* WHAT IS BEING ASKED: Please give every entry again, exactly as it reads.

##########

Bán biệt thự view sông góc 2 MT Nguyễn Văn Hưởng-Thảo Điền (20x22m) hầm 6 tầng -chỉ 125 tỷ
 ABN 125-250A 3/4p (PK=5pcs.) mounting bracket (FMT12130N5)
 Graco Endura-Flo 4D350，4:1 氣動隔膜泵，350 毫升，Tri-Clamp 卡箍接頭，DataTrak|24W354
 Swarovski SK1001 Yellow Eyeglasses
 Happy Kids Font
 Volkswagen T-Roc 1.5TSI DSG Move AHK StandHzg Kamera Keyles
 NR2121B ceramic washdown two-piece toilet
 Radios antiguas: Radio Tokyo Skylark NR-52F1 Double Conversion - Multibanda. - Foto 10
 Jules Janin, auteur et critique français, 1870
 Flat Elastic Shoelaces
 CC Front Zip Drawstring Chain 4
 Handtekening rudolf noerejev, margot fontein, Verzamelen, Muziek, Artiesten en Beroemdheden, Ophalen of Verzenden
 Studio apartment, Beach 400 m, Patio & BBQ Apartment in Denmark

##########

* RESPONSE:
Bán biệt thự view sông góc 2 MT Nguyễn Văn Hưởng-Thảo Điền (20x22m) hầm 6 tầng -chỉ 125 tỷ
 ABN 125-250A 3/4p (PK=5pcs.) mounting bracket (FMT12130N5)
 Graco Endura-Flo 4D350，4:1 氣動隔膜泵，350 毫升，Tri-Clamp 卡箍接頭，DataTrak|24W354
 Swarovski SK1001 Yellow Eyeglasses
 Happy Kids Font
 Volkswagen T-Roc 1.5TSI DSG Move AHK StandHzg Kamera Keyles
 NR2121B ceramic washdown two-piece toilet
 Radios antiguas: Radio Tokyo Skylark NR-52F1 Double Conversion - Multibanda. - Foto 10
 Jules Janin, auteur et critique français, 1870
 Flat Elastic Shoelaces
 CC Front Zip Drawstring Chain 4
 Handtekening rudolf noerejev, margot fontein, Verzamelen, Muziek, Artiesten en Beroemdheden, Ophalen of Verzenden
 Studio apartment, Beach 400 m, Patio & BBQ Apartment in Denmark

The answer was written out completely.